Work to be completed — Everything from the line with "12th Image of a 1979 LINCOLN MARK V" to the end of the data below, both lines included, should be transcribed exactly; please omit the pictures.

================================

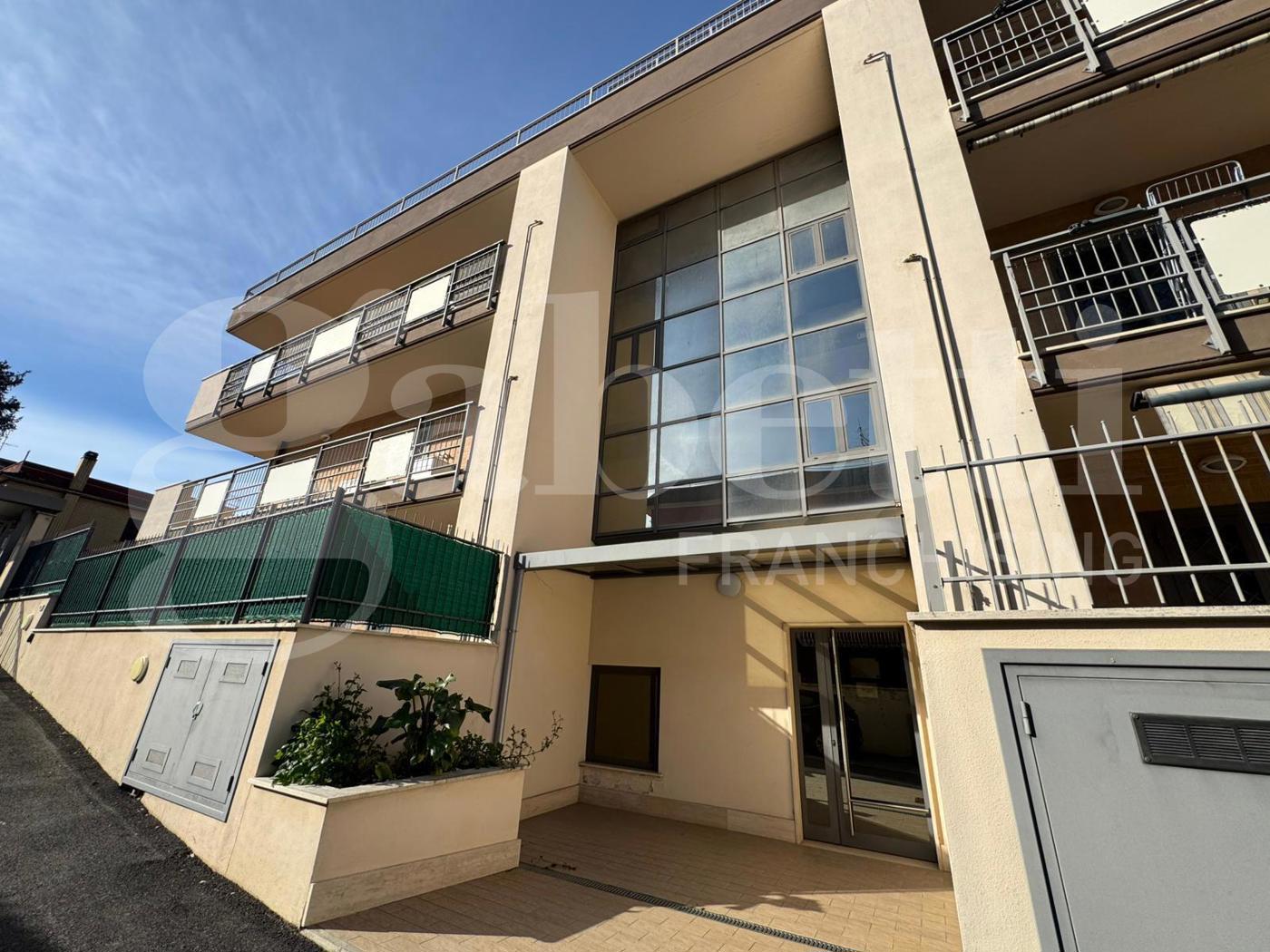 Trilocale con box a Marino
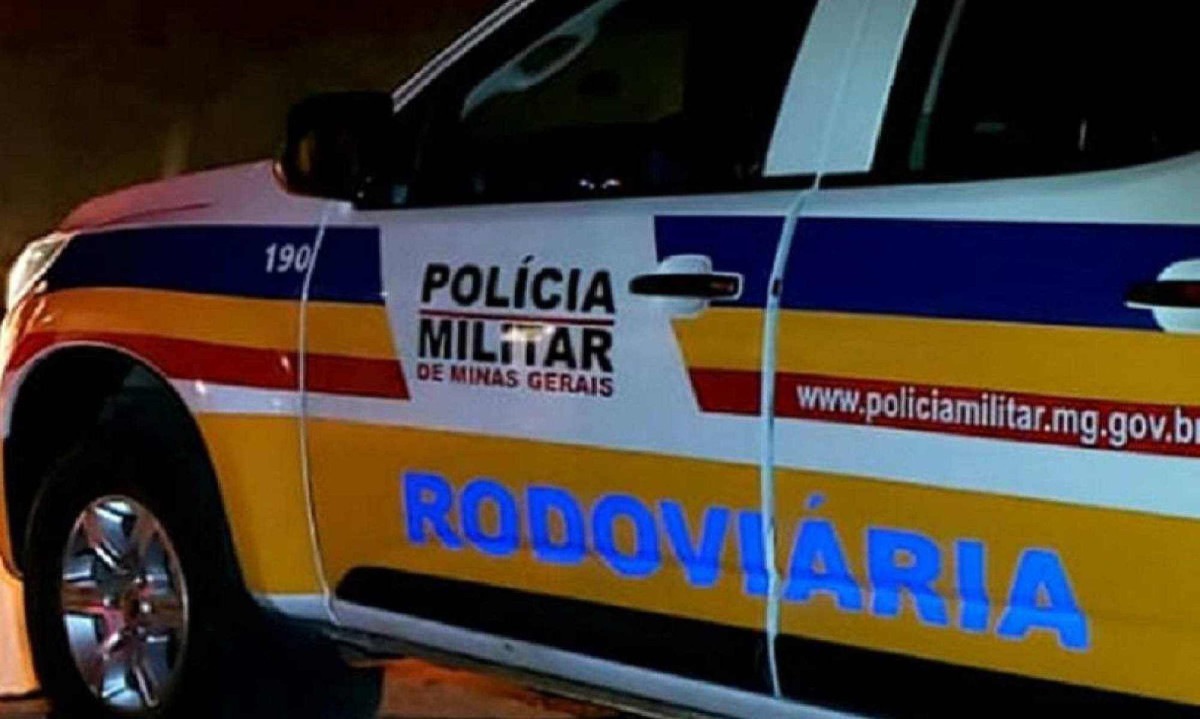 Criminosos tentaram escapar de operação da PM e atiraram nos policias -  (crédito: PMRv)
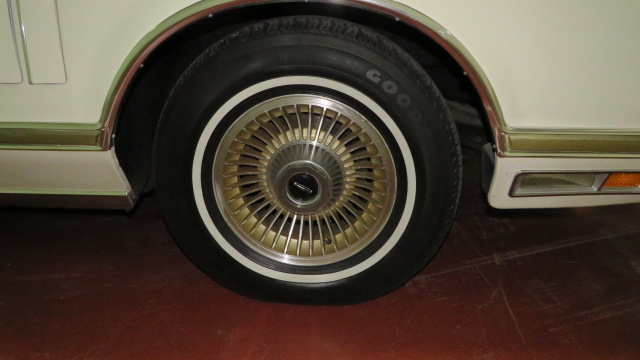 12th Image of a 1979 LINCOLN MARK V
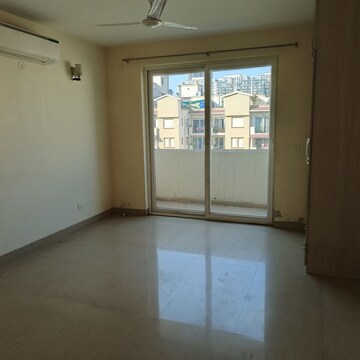 Room in 3.5 BHK Apartment at Emaar Emerald Floors Premier, Sector 65 – for Rent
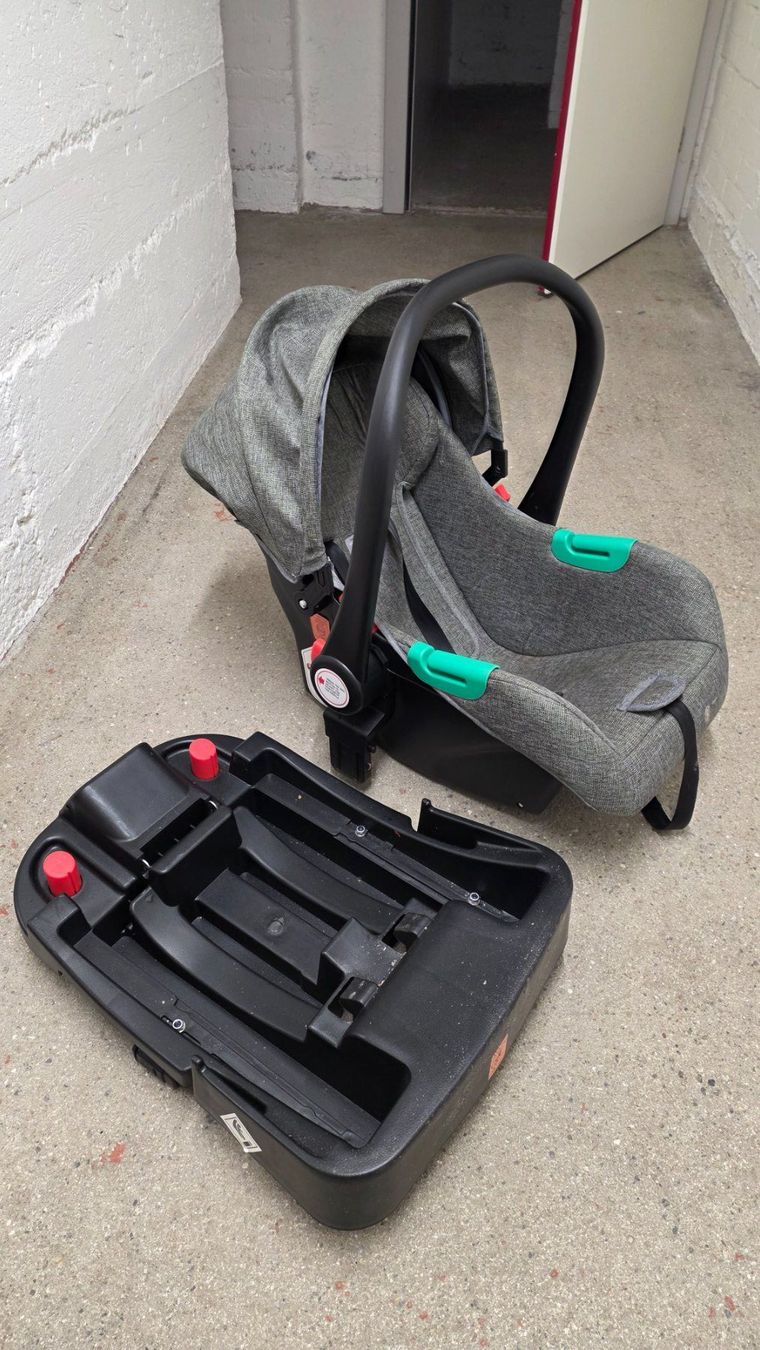 Maxi-Cosi Seggiolini per auto: Maxi Cosi Schale mit Isofix – Usato da Zürich venduto da Mischu_1985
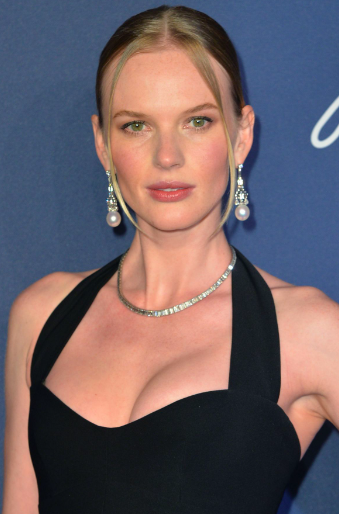 Anne Vyalitsyna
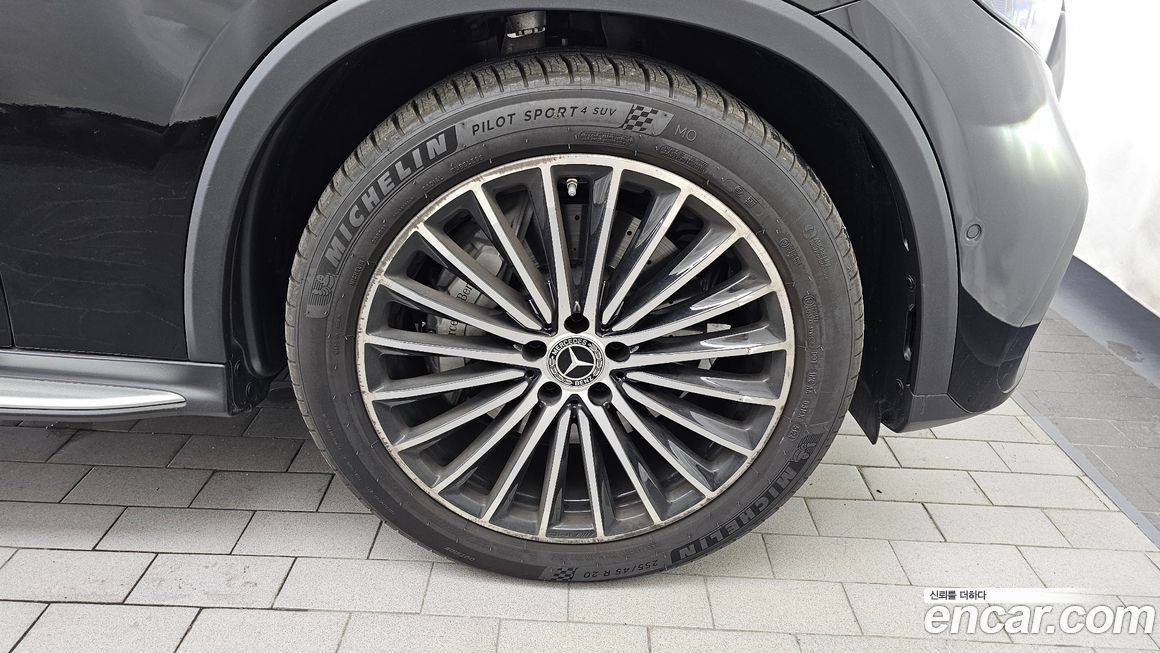 Mercedes-Benz GLC-Class GLC300 4MATIC AMG Line, 2025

================================

Output for this task —
 12th Image of a 1979 LINCOLN MARK V
 Room in 3.5 BHK Apartment at Emaar Emerald Floors Premier, Sector 65 – for Rent
 Maxi-Cosi Seggiolini per auto: Maxi Cosi Schale mit Isofix – Usato da Zürich venduto da Mischu_1985
 Anne Vyalitsyna
 Mercedes-Benz GLC-Class GLC300 4MATIC AMG Line, 2025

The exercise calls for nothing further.